We chose to refresh the kids section: updating content and graphics and optimizing for accessibility. This section hasn't been updated in a while, so it's going to look brand-spanking new. We've got a couple of delightful surprises up our shirtsleeves.
The current Kids Space was well ahead of its time when it was designed about five years ago. In fact, many leading stations across the country have borrowed the theme and the imagery. But KLRU is known for being a step ahead, so it's appropriate to update the look, the content, and the navigation at this point in time.
Olive Design has participated in Austin AIR since its inception. We're always excited to help Knowbility spread the word. The collaborative experience alone is worth the effort and a great reason for people to participate, in addition to all that you will learn. Successful design and programming for accessibility requires thought and preparation. It's a challenge to design and build 15-20 pages with audio and video assets in such a short amount of time. But that's what makes it fun, too to see how much can be done well in the shortest month of the year. And I love a good adrenaline rush.
Principal, Vox Group, an advertising and marketing group designing two sites First Night Austin and Aaron Hamre Band which are then being turned into sites by Go9, an interactive group
First Night is going to be a massive event, so we need to have a site that scales up pretty big. Because they are a brand-new organization, before we did anything else we had to establish their look and feel, an identity, a color palette, how they wanted to position themselves. The first two weeks were figuring out all that "who are ya?" stuff, before we could even think about what kind of site we wanted to build.
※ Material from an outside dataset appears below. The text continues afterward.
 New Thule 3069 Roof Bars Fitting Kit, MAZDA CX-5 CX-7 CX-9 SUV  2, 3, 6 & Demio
It is an incredibly short turn time. When we do a Web site normally for a client, minimally, you're looking at an eight-to-12-week time period. It reminds me a lot of finals week. You're not sleeping, you feel really panicked, you know it can't be as good as you want it to be because you don't have enough time.
We want to make a slamming, cool, totally badass site that's beautiful for folks who can see but really rich for folks who can't see. We're not using a lot of the real traditional stuff Java scripting and Flash stuff we're trying to do a lot of work-arounds on that.
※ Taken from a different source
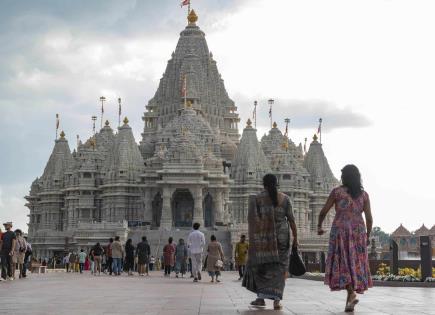 El templo hindú más grande fuera de India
We're going up against a bunch of other folks we run into in the market, so, of course, there's a lot of "We want to crush agency X. [pauses, laughs, disclaims] We don't really want to crush them. We want everybody to have fabulous sites."
Go9; working with Vox Group on two sites: First Night Austin and Aaron Hamre Band
The Aaron Hamre Band is three really great guys originally from New Mexico, and they've been in Austin for a while and have a really compelling story and a whole lot of content on their existing site. They have tons of content, MP3s, video, a really attention-grabbing logo with flashing lightning and fire and all the kind of things you want from a latent Eighties rock & roll feel-good Austin transplant band. What they're looking for is to make the site accessible and also make it something that has a clean enough look that were a label interested in them, they could take a look at their Web site and not only get a sense of who they are, but also not have the feeling that they would have to sink a lot of money into redoing their Web site.
The process has been awesome. They came to us fully creatively juiced up and fully open to our ideas. They're completely ready to put their site in our hands, and that's so rare with an existing site especially with creative people. We got them two designs they were really excited about. It was difficult for them to choose one, so we've sort of put them together in a true Frankenstein marriage that's turning out to be a love child rather than a monster.
I love the reality-show analogy: The one that works for me in terms of all this is The Swan. This is not that ugly a process, but, in the end, there is a beauty contest, but it's a contest where all the judges have their eyes closed.